Впрочем, все это отдавало не столько революцией, сколько озорством, нарушением общественной тишины и порядка.
А может быть был в этом и какой-то бессознательный корректив, поправка на гражданские чувства, извинение за моржей, зверей, за брезентовый цирк Энрико Труцци…
X
В Москву, в Москву, в Москву…
Подобно чеховским Трём сёстрам, все или почти все, мы были обуреваемы одним и тем же безрассудным, не вполне объяснимым, но страстным и непреодолимым стремлением попасть именно туда, в один из самых прославленных и старейших университетов России, о котором, чего-то не договаривая, но всегда увлекательно, загадочно и многозначительно рассказывал нам еще наш гимназический учитель словесности, милейший Черномор, Мелетий Карпович.

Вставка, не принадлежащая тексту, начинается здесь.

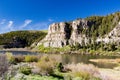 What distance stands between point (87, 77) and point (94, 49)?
5840 inches

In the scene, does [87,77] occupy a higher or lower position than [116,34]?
lower

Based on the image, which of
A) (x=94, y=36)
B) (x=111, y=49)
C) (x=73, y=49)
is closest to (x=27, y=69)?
(x=111, y=49)

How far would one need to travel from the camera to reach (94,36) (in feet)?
648

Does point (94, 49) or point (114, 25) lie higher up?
point (114, 25)

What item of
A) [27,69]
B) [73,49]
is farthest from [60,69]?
[73,49]

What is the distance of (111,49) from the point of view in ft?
531

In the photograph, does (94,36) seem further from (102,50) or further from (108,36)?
(102,50)

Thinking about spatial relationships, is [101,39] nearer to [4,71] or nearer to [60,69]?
[60,69]

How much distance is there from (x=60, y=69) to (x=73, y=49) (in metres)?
147

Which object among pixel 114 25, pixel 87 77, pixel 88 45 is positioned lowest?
pixel 87 77

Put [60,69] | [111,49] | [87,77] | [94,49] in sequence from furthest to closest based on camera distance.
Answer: [94,49]
[111,49]
[60,69]
[87,77]

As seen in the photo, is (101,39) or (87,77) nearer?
(87,77)

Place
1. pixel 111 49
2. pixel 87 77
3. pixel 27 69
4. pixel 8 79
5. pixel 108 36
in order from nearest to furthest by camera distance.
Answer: pixel 8 79 < pixel 87 77 < pixel 27 69 < pixel 111 49 < pixel 108 36

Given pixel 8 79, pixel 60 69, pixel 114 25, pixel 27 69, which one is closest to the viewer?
pixel 8 79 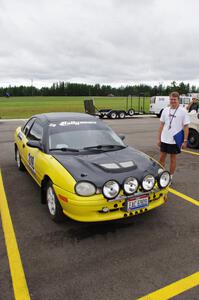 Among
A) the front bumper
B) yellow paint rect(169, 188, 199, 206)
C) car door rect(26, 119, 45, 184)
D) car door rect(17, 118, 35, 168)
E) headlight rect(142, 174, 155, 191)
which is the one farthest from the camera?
car door rect(17, 118, 35, 168)

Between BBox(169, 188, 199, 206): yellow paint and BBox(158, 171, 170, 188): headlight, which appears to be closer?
BBox(158, 171, 170, 188): headlight

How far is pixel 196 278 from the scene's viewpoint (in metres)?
2.46

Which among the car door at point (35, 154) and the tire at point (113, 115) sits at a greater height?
the tire at point (113, 115)

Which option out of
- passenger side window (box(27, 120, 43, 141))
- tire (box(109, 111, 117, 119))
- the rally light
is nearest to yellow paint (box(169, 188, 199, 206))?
the rally light

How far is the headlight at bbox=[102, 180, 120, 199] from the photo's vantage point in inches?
116

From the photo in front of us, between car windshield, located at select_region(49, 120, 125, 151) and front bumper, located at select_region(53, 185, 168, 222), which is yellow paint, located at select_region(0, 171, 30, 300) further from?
car windshield, located at select_region(49, 120, 125, 151)

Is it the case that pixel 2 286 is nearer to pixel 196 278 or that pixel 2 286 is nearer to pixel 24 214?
pixel 24 214

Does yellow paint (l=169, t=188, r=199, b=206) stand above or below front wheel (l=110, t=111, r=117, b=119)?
below

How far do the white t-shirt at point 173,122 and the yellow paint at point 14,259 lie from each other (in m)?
3.05

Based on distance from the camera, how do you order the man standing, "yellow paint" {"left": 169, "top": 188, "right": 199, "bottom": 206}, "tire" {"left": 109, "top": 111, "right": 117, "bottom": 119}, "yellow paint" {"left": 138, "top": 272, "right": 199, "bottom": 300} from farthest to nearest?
"tire" {"left": 109, "top": 111, "right": 117, "bottom": 119} < the man standing < "yellow paint" {"left": 169, "top": 188, "right": 199, "bottom": 206} < "yellow paint" {"left": 138, "top": 272, "right": 199, "bottom": 300}

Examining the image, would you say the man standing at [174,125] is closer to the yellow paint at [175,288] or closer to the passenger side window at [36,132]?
the passenger side window at [36,132]

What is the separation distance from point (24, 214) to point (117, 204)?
1523 mm

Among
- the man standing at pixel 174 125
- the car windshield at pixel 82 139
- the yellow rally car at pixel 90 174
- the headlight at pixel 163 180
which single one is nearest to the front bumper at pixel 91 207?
the yellow rally car at pixel 90 174

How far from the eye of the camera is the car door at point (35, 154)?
3906 millimetres
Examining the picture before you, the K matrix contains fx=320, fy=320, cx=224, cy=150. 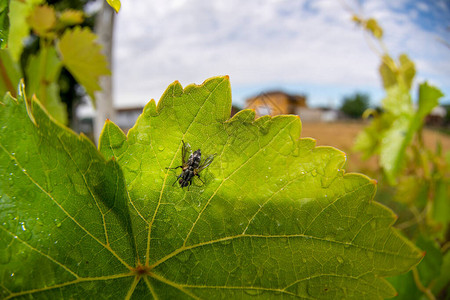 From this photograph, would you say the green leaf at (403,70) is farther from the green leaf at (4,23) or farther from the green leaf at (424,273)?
the green leaf at (4,23)

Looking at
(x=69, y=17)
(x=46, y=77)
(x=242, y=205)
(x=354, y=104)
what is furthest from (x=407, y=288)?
(x=354, y=104)

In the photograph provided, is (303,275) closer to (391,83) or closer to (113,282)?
(113,282)

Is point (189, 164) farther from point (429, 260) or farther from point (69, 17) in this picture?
point (69, 17)

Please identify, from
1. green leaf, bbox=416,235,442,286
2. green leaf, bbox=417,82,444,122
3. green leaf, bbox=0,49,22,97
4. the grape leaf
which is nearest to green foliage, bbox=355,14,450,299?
green leaf, bbox=417,82,444,122

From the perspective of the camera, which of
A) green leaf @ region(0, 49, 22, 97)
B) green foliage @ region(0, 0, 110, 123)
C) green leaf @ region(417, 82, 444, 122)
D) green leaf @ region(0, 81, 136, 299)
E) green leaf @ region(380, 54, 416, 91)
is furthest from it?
green leaf @ region(380, 54, 416, 91)

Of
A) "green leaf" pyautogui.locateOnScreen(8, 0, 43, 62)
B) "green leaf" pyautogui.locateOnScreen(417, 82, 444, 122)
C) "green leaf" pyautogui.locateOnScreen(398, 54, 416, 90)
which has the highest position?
"green leaf" pyautogui.locateOnScreen(8, 0, 43, 62)

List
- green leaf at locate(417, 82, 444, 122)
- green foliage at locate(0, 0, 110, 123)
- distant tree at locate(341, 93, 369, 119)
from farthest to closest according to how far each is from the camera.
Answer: distant tree at locate(341, 93, 369, 119) → green leaf at locate(417, 82, 444, 122) → green foliage at locate(0, 0, 110, 123)

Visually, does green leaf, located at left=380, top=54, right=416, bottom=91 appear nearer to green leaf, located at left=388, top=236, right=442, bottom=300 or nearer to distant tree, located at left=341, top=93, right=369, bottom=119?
green leaf, located at left=388, top=236, right=442, bottom=300

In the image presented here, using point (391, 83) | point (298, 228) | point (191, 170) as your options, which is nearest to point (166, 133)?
point (191, 170) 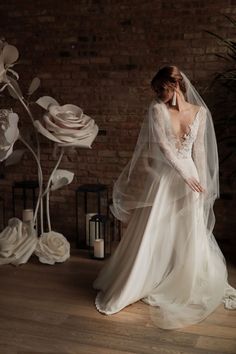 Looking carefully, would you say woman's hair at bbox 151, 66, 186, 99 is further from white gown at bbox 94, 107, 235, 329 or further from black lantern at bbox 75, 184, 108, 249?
black lantern at bbox 75, 184, 108, 249

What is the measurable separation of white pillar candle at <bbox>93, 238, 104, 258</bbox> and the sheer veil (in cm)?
79

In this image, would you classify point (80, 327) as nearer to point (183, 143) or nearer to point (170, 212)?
point (170, 212)

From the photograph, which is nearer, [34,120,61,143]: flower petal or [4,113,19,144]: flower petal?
[4,113,19,144]: flower petal

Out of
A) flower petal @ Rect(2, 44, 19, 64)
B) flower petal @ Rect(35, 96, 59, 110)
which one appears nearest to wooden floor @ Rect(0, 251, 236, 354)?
flower petal @ Rect(35, 96, 59, 110)

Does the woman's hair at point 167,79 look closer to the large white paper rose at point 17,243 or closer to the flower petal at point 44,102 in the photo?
the flower petal at point 44,102

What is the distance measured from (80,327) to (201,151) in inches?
53.9

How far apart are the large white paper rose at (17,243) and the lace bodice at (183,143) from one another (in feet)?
5.02

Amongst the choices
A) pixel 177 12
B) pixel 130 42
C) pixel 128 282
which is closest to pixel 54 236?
pixel 128 282

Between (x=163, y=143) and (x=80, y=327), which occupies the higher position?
(x=163, y=143)

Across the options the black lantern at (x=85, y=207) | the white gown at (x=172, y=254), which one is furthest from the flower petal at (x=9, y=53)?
the white gown at (x=172, y=254)

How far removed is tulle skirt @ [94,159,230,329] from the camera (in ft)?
9.39

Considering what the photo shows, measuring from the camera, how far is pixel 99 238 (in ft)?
12.9

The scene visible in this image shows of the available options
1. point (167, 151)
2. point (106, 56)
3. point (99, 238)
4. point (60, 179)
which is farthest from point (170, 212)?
point (106, 56)

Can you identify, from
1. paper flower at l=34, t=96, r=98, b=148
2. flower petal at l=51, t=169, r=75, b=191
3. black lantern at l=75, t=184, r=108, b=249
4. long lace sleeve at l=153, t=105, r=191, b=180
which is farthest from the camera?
black lantern at l=75, t=184, r=108, b=249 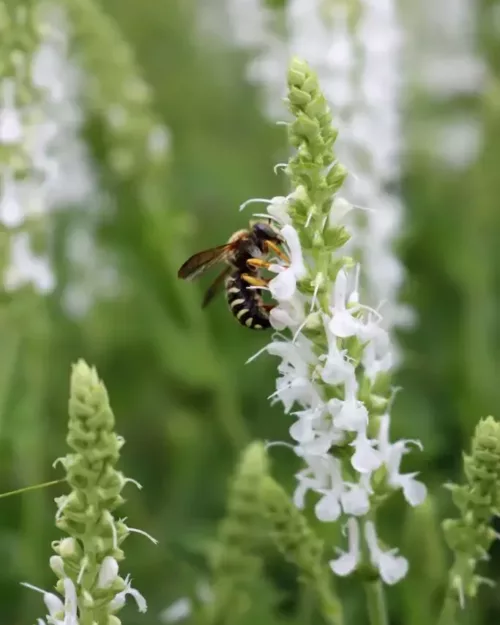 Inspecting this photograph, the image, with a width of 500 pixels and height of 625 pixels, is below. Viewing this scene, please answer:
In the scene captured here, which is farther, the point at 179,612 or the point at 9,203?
the point at 9,203

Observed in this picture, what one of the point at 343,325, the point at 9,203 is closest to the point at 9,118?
the point at 9,203

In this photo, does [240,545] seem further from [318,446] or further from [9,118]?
[9,118]

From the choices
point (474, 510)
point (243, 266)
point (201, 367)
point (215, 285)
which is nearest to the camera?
point (474, 510)

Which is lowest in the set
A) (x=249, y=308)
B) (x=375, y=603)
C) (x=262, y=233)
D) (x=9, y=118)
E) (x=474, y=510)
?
(x=375, y=603)

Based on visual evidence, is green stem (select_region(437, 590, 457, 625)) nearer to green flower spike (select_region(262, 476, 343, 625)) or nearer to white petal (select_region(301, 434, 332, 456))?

Всё это, однако, было не так просто. Правила, циркуляры, инструкции, зависимость от того или иного учебного округа, — одним махом все эти рогатки и перегородки не перепрыгнешь.
Помечтать помечтали, а в действительности оказались не в Москве, на Моховой, а в императорском Новороссийском университете в Одессе, на Преображенской улице, и на Юридическом факультете, само собой разумеется.
Нисколько не кокетничая и ни в какой мере перед потомством не прихорашиваясь, надо сказать, что тяга на юридический заключала в себе все признаки наивного идеализма и искреннего бескорыстия, ничего общего ни с какой так называемой карьерой не имевших.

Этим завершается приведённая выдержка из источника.